Monday. Sixteen days spent mostly in the house convalescing. Cabin fever? No. Itching curiosity to fathom more of this world? Yes. If I can’t get my fingers into the earth, I’ll read about her.
At this moment billions of photons from the mid-morning sun are streaming in through the french doors enabling my eyes to see the coffee cup in my steady hand held silently for a moment before first sip. It is a daily ritual; a profoundly important ritual of delight to savor the aroma and taste of this most exquisite addictive excellence of earthy flesh. Yes, dark roasted beans joined with frothed milk.
Below the cup is a hefty book on our Earth. Both coffee and Earth are important to me. The former for the sensory delight it brings to my humble home. The second for the multitude of gratitude I daily feel for the interwoven fleshy intricacies of this greater Home.
Kabir writes:
Inside this clay jug there are canyons and pine mountains,
and the maker of canyons and pine mountains!
All seven oceans are inside, and hundreds of millions of stars.
Seeing the cup and book together gets me to do some simple calculations on how the orbit of our little planet might relate to the sun if the sun were in the middle of the cup and our planet’s orbit were the rim of the coffee cup:
With our sun in the middle of the cup, this fiery ball would be just half a millimeter across. Sunlight streaming from our sun star would take 8 minutes crossing frothy foam to hit our Earth before venturing out to the greater world. At only .005mm in size, our planet would be hard to find anywhere along the cup’s rim.
I like drawing comparisons like this because as an artist it helps me embody some sense of factual truth about our/my place in the universe.
While sipping this ancient star dust made flesh (actually true), I make this calculation: Moving out beyond the coffee cup, the nearest star to our half millimeter sized sun would not be found anywhere in the house. Not even close. Proxima Centauri, at a distance of 4.2 light years away, would be well over half a kilometer away (630 meters) as a grain of sand at the far end of Roaring Beach.
Bit of space between our two stars, isn’t there?
Maintaining the relative size of our coffee cup sun, if I wanted to travel from my wee half grain of sand-“sun”-star in Tasmania beyond our nearest star and travel all the way across our Milky Way galaxy to its far end, I would find myself in my brother’s kitchen in Dallas, Texas. Like something out of Doctor Who. No wonder I feel so separated from my family.

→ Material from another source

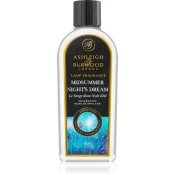 Ashleigh & Burwood Vložek za katalitično svetilko MIDSUMMER NIGHTS DREAM (sen kresne noči), 500 ml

Let’s move this theoretical distance over to the other side of our galaxy and drop off our sun into “Dallas” and into the hands of my two nephews Alejandro and James. But we’re going to scale things up a bit to give another sense of perspective to the vastness of space. Now, instead of a grain of sand, we enlarge our “sun” into the size of a basketball.
James is under his hoop bouncing our sun. Guess where Alejandro would have to be if he were at the other end of the basketball court bouncing our nearest star Proxima Centauri?
Madrid, Spain. Close your eyes and try and embody a sense of this distance. Our “basketball sized sun” is in Dallas, Texas and our nearest star Proxima Centauri is way, way over in Spain. Wow. Mind boggling, isn’t it?
One last item of info while the cup is drained of the last drop.
To show the dynamics of our own Milky Way and how the stars are moving continuously about, check out the above chart and, in particular, the star Ross 248. Presently 10.3 light-years away, in 31,000 years time Ross 248 will replace Proxima Centauri as the closest star to our sun at “only” 3.02 light-years distant. Can’t wait.
I think I need another cup of coffee to provide more insight into the working wonders of this grand universe.